Information provided.
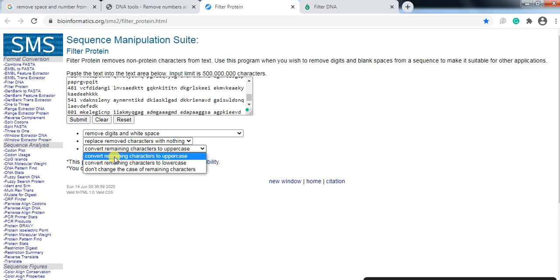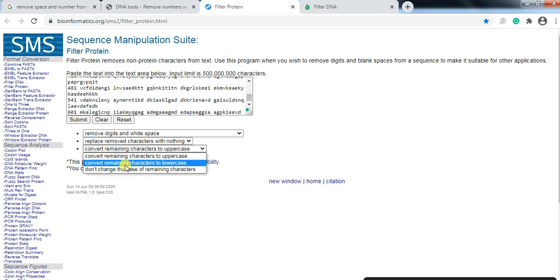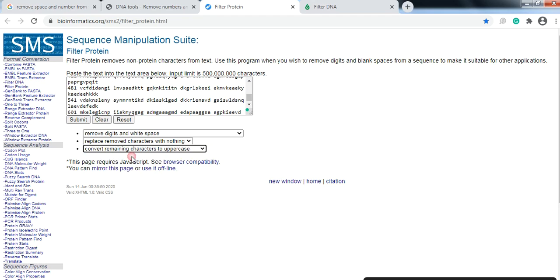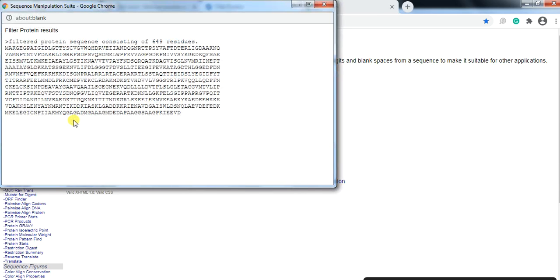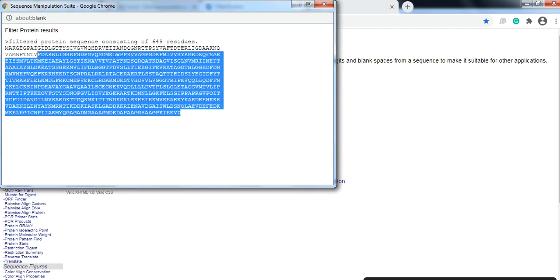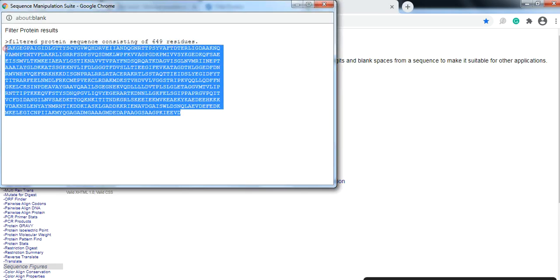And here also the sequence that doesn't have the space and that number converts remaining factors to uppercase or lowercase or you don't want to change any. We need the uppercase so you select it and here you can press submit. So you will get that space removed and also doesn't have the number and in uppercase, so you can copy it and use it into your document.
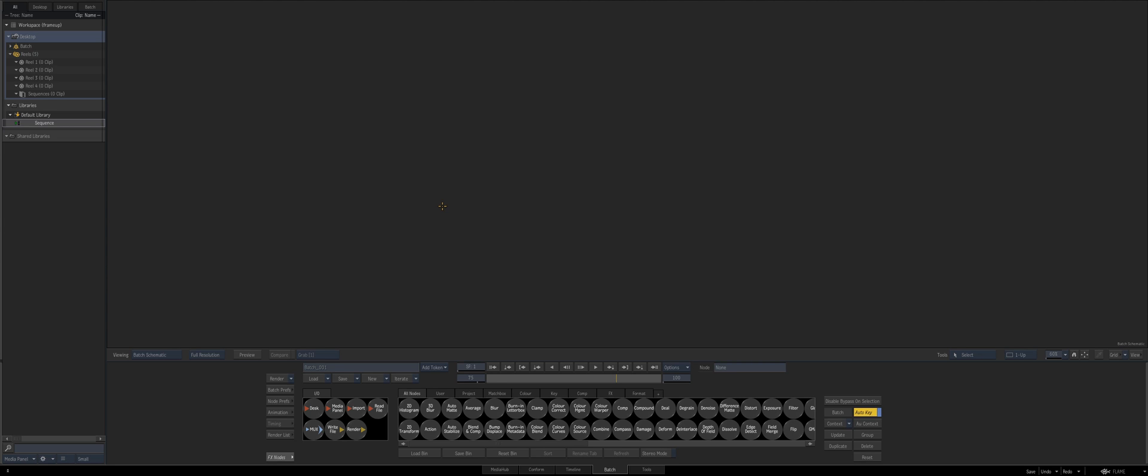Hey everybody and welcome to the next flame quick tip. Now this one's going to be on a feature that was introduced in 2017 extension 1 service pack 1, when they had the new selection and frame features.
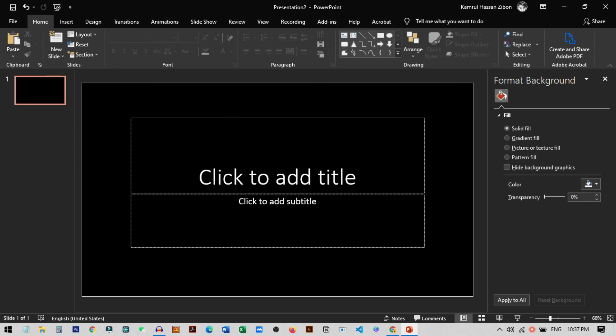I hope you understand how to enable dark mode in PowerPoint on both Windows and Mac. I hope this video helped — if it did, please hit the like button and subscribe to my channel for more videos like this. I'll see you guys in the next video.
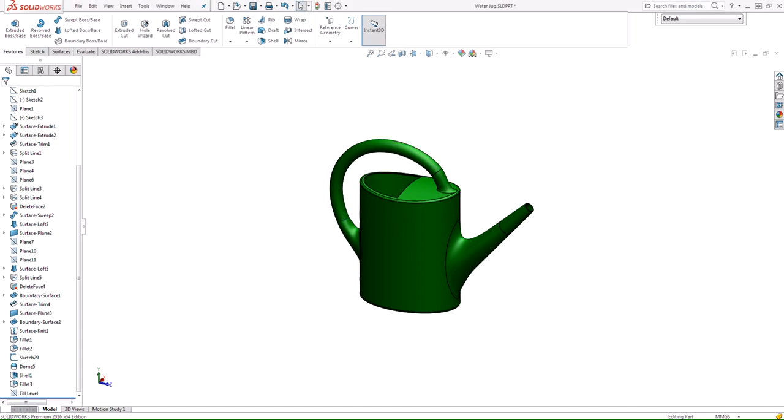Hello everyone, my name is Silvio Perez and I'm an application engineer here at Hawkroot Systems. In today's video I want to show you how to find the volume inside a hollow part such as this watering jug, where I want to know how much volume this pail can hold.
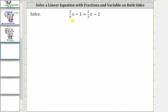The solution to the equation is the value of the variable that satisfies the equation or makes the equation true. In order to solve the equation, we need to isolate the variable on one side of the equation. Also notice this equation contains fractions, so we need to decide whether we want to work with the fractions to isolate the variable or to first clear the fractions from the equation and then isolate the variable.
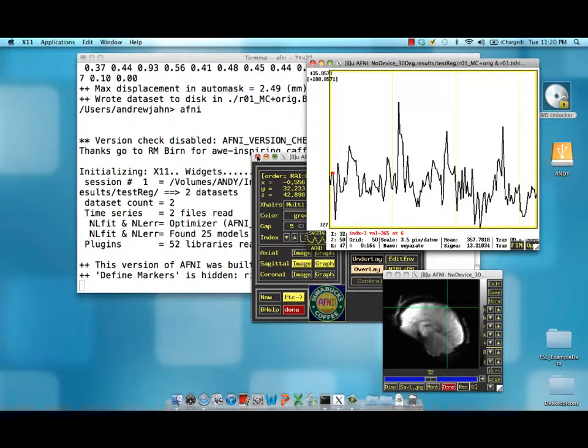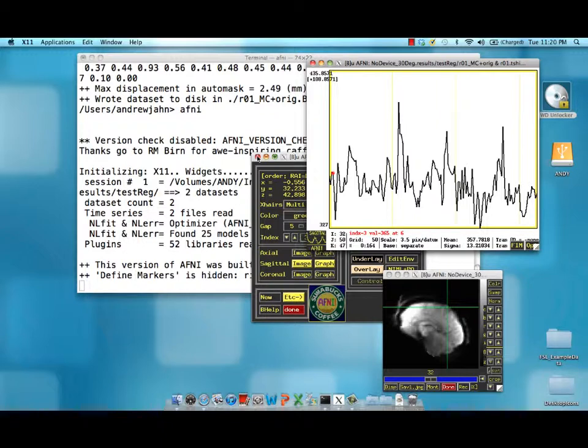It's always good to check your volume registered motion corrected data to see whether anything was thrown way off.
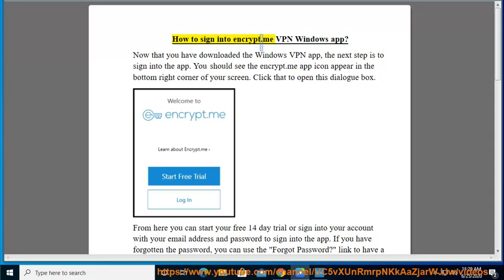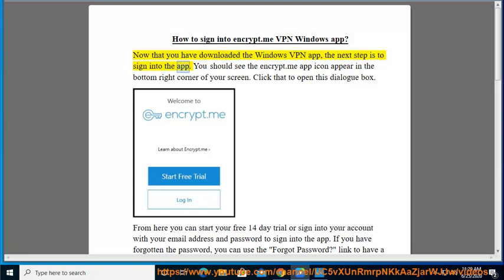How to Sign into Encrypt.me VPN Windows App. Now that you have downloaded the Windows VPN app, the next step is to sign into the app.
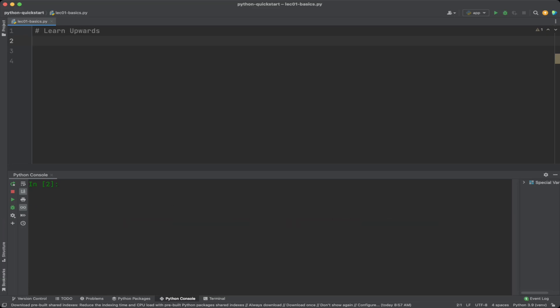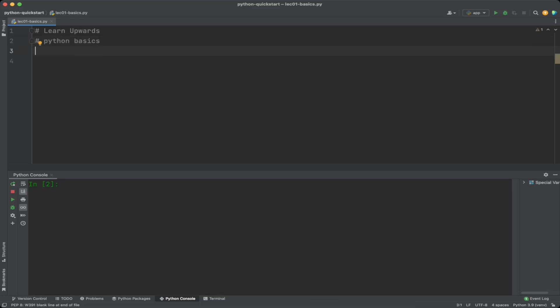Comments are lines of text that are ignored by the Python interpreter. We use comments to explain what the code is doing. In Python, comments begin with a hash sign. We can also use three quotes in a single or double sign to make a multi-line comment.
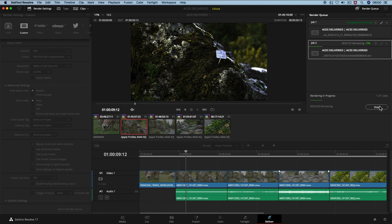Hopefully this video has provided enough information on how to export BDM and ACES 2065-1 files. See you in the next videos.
* * *
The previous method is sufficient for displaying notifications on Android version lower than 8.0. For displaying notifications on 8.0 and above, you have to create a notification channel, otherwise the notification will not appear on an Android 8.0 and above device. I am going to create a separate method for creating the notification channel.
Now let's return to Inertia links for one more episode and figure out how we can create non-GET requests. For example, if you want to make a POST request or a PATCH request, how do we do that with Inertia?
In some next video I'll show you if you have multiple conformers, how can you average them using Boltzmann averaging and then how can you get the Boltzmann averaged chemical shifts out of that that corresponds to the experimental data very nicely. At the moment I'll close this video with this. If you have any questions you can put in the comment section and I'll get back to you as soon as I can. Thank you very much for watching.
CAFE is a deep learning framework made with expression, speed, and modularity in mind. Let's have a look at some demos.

What the exercise asks.
Please print the lines above word for word, starting at the one with "I hope you understand" and ending at the one with "Hello everyone, my", both included, and without any picture.

The completed task.
I hope you understand how to enable dark mode in PowerPoint on both Windows and Mac. I hope this video helped — if it did, please hit the like button and subscribe to my channel for more videos like this. I'll see you guys in the next video.
Hello everyone, my name is Silvio Perez and I'm an application engineer here at Hawkroot Systems. In today's video I want to show you how to find the volume inside a hollow part such as this watering jug, where I want to know how much volume this pail can hold.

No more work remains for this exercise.